Aux alentours du 8 mars, comme pour la Saint-Valentin, nous verrons sans doute fleurir dans la presse et certains magasins liégeois des messages invitant la gent masculine, pour la « journée de la femme » à fêter leurs compagnes ou leurs secrétaires avec de l’électro-ménager, ou à tout le moins une rose. Et pourtant, l’esprit du 8 mars, c’est absolument l’opposé de cela. C’est l’unique journée mettant en lumière la lutte des femmes pour leurs droits. Une journée pour se souvenir de nos combats passés, de nos échecs et nos victoires, des petites ou grandes avancées et des retours en arrière. En Belgique, bien que nous bénéficiions d’une situation bien plus favorable qu’ailleurs, de nombreux défis demeurent, des forces de plus en plus vives oeuvrent dans l’ombre, ou même en pleine lumière, contre le « wokisme », cet état d’esprit « éveillé ». Mais que signifie ce mot apparemment si terrifiant ? C’est en réalité la simple prise de conscience qu’en tant que groupe dominant (celui des hommes, celui des hétéros, celui des blancs, celui des nantis, etc.) nous jouissons de certains privilèges. Au détriment de toutes ces autres personnes qui n’en bénéficient pas.

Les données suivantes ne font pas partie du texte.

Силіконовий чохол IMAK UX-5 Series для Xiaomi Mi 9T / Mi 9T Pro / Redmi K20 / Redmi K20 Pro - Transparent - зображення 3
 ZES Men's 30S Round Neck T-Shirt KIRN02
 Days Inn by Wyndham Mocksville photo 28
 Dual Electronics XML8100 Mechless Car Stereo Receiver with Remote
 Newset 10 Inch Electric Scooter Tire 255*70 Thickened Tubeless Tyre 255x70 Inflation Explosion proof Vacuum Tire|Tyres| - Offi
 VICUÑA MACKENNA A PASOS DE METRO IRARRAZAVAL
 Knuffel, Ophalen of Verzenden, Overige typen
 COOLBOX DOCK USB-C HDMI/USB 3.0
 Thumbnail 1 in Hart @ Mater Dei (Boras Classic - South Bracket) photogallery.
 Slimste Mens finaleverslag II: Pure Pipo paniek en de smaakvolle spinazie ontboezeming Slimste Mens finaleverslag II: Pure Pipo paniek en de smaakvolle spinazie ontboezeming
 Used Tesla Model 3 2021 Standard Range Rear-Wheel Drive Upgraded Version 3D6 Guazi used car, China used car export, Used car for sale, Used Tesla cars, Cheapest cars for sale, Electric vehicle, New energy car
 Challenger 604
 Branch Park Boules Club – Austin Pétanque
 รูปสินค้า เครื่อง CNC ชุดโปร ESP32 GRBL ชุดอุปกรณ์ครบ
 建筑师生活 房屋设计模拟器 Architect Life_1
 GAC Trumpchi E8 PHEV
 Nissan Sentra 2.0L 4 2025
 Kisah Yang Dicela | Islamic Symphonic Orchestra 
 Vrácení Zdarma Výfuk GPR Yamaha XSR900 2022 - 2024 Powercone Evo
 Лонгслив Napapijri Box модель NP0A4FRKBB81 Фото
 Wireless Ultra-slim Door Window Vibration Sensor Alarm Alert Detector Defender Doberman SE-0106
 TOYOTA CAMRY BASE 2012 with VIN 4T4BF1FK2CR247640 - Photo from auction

En tant que lesbienne, j’ai été victime de discriminations, d’ostracisme, et même parfois de violences. Néanmoins je choisis d’être également consciente qu’en tant que femme blanche valide, je suis privilégiée. Contrairement par exemple aux nombreuses personnes transgenres précaires et/ou racisées, qui restent confrontées à la haine et l’intolérance, ainsi qu’au manque de perspectives de carrière, d’inclusion en général. Cette prise de conscience n’efface ni mes souffrances, ni la nécessité de mes luttes. Elle met au jour la nécessaire articulation de celles-ci autour de celles qui ne me concernent pas directement.
A la Maison Arc-en-Ciel de Liège, nous nous efforçons de rendre nos locaux et activités « safe » pour toutes les personnes LGBTQIA+. Mais c’est tout l’espace public, tous les lieux de travail, toutes les infrastructures de santé qui devraient toustes nous accueillir avec bienveillance. Au lieu de cela, stigmatisation et discrimination restent le lot quotidien de trop nombreuses personnes, et en particulier les femmes dans notre société.

S’inscrivant dans une série de partenariats liégeois, la MAC vous propose de nous souvenir de figures féminines du passé, d’abord en allant visiter l’exposition Constellations brisées, qui se tient à la Cité Miroir au mois d’avril. Le collectif Queer Code nous y invite à suivre les trajectoires de femmes déportées pendant la Seconde guerre mondiale pour avoir aimé d’autres femmes. L’exposition participative de mars à la MAC nous permettra de nous souvenir de toutes ces femmes, illustres ou inconnues, qui ont compté pour nous et de partager leur parcours. Il y sera également possible de (re)découvrir une excellente émission sur le Paris des années folles et les initiatives lesbiennes qui s’y sont déployées. Enfin, la projection de The Archivettes, le 6 mars, nous amènera à nous intéresser à la mémoire lesbienne et de réfléchir ensemble aux moyens de lutter contre notre talon d’Achille : l’absence de mémoire collective lesbienne et l’invisibilisation qui en découle.

Force est de constater que les associations, collectifs et personnes LGBTQIA+ ont souvent été les fers de lance des combats pour l’égalité des droits. La convergence des luttes, la conservation de nos mémoires collectives sont les clés qui nous permettront d’avancer, ensemble, vers un monde véritablement inclusif.